1 > 3 Comparing two numbers, result is false.
field > 3 Comparing the value in a field to a number, result is true/false if the field exists and has a numeric value, null otherwise.

The numerical operators +, -, /, *, % take one or two values and compute the corresponding numerical operation if both operands are numbers; otherwise, a null value is produced:

"a" / 2 Dividing a string and a number, result is null.
4 / 2 Dividing two numbers, result is is a number.
field / 2 Dividing the value of the field to a number, result is a number if the field exists and has a numeric value, null otherwise.

The general comparison operators == and != compare two values and produce true or false, if both values are non-null:

"a" == 2 Comparing two values of different types, result is false.
1 != 2 Comparing two numbers, result is true.
field == 2 Comparing the value of the field to a number, result is a true/false if the field exists, null otherwise.

Logical negation !, computes the logical negation of a boolean value, or whether a numerical value is equal to 0. If the value is neither a boolean nor a numeric value, the result is null:

!false, !true Negation of literal boolean value, result is true and false, respectively.
!field Negation of value in field field, result is true if the field contains a numeric value or true/false, otherwise it is null.
!0, !1 Negation of numeric values, result is true and false, respectively

There are currently no operators for logical AND and OR.

Functions

Functions that calculate a single field and filter functions can also be used in expressions, where they evaluate to the value of that field, or true or false for filter functions. However, function arguments are not automatically accepting expressions, even in the context of an expression.
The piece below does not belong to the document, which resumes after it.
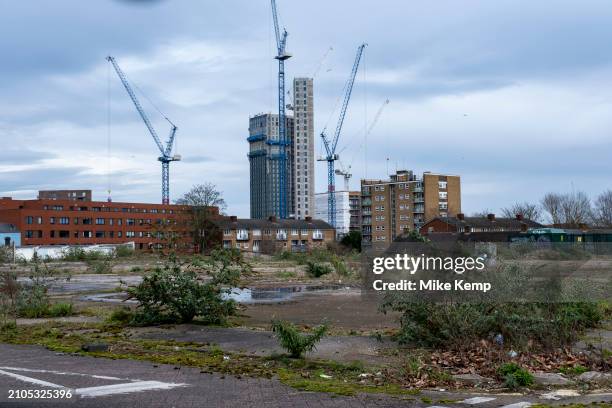 New residential apartment buildings under construction seen beyond waste ground as part of a development / redevelopment close to the city centre as...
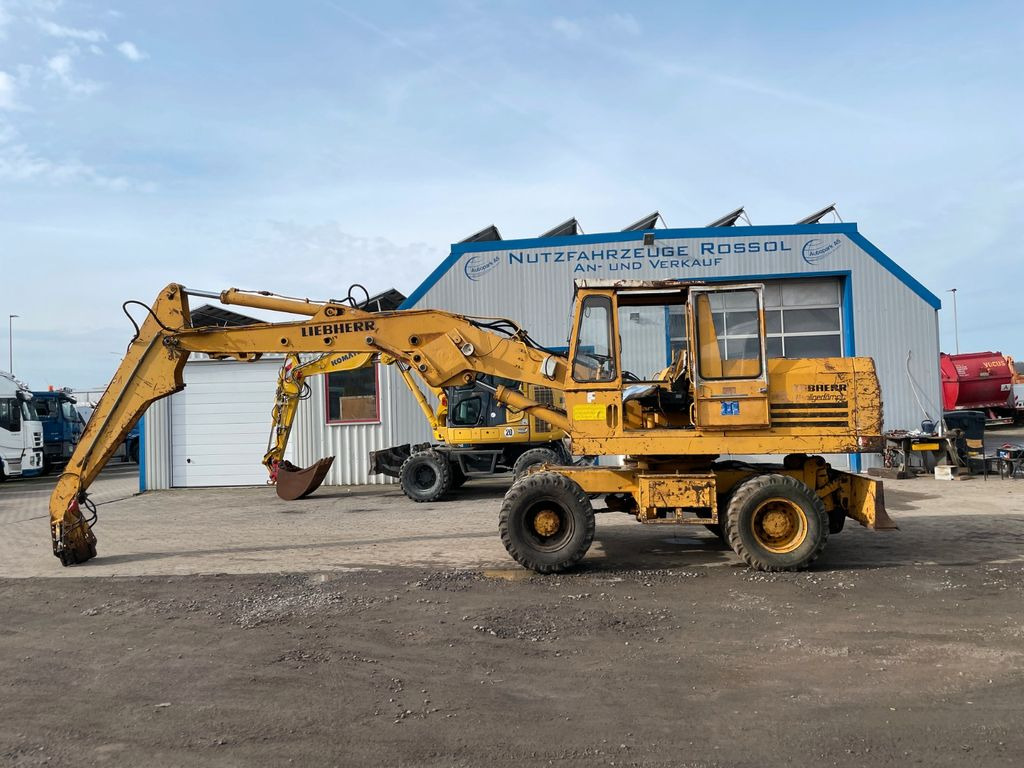 Liebherr A 911 C A911C Umschlagbagger Magnet-Generator - حفار ذو عجلات: صورة 1 Liebherr A 911 C A911C Umschlagbagger Magnet-Generator - حفار ذو عجلات: صورة 1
For example, to calculate the cosine of a number we need to write n := 1 | c := math:cos(n), because the cosine function expects a field name; the expression c := math:cos(1) computes the cosine of the value in the field named 1.

Some CQL functions, like coalesce(), if(), getField(), and text:contains(), support expressions as arguments, but most functions take field or array names; the type of the parameter in the documentation will be "expression", if expressions are supported.

The function if is particularly useful in expressions, as it can be used to conditionally compute other expressions inside an expression.

if() Function

The if() supports a typical if...then...else conditional statement. However, unlike a case or match statement, the if() can be embedded into other functions and expressions.

The if() supports statements like the one below where a comparison is being made between timestamps to determine the time of an error:

logscale
errortime := if((@ingesttimestamp > @timestamp), then=@timestamp, else=@ingesttimestamp) / 1000

For more information and examples, see if().

For information about other usage of statements, see Conditional Evaluation.

Field Names in Expressions

In most places in a query, it is clear from the context whether a value or the name of a field is expected. In these cases, the name of a field can be written with or without quotation marks, meaning the same. For example, math:cos("fieldName") means the same as math:cos(fieldName), because the argument to the function is defined as a string denoting a field name, and not an expression.

However, some field names cannot be written unquoted, because they are not bare words in the CrowdStrike Query Language; for example, host-name or host/name need quotes when used in places where field names are expected: but do not: host.name=*, host[0]=*, and "host-name"=* all work, while host-name=* results in a syntax error.

In expressions, on the other hand, quotation marks always mean a string value, while unquoted field names always mean the value of that field. To use the value of a field with such a name in an expression, the function getField() can be used with the quoted name, like coalesce([host, getField("host-name")]). This works because getField() takes an expression and reads the value of the field with that name.